PROBLEM TO WORK ON: Take the lines in the listing below from the line with "5748 Nina Way, Sacramento, CA 95824" up to and including the line with "Dame elegante Loafers" and set them down exactly, skipping pictures and adding nothing.

ENTRIES PROVIDED:
*** Block opens ***
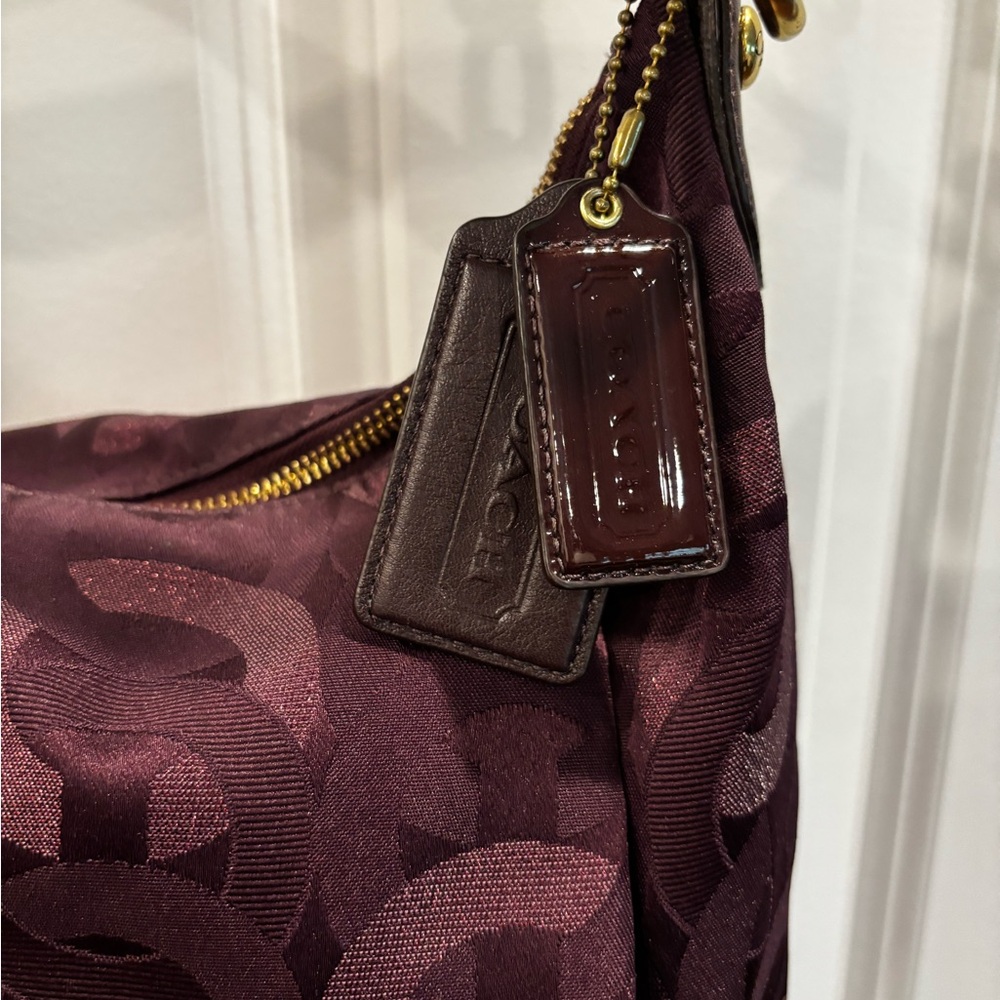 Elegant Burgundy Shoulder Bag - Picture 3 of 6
*** Block closes ***
*** Block opens ***
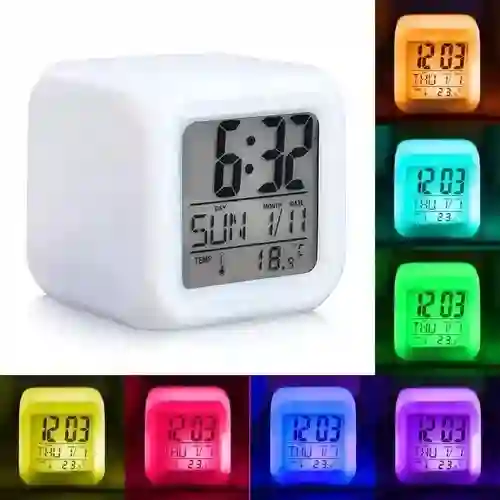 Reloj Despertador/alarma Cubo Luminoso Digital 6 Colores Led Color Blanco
*** Block closes ***
*** Block opens ***
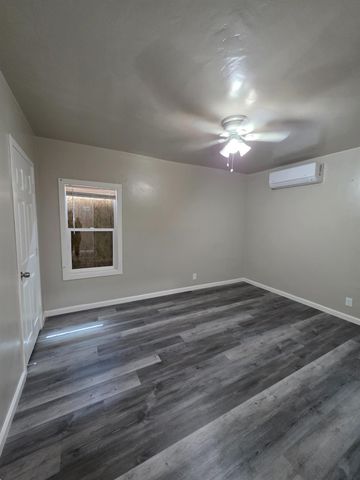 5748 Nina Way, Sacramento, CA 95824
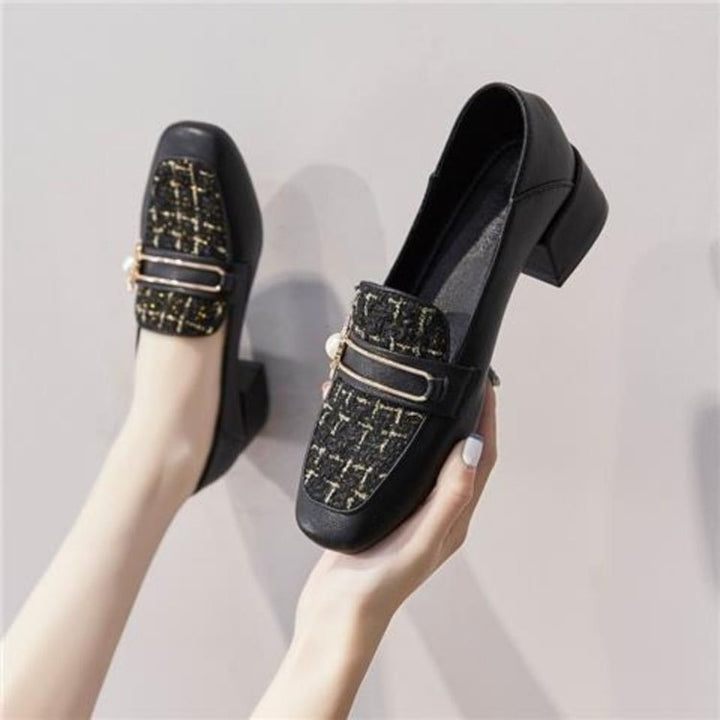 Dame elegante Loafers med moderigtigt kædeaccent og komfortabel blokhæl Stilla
*** Block closes ***
EXERCISE OUTPUT:
 5748 Nina Way, Sacramento, CA 95824
 Dame elegante Loafers med moderigtigt kædeaccent og komfortabel blokhæl Stilla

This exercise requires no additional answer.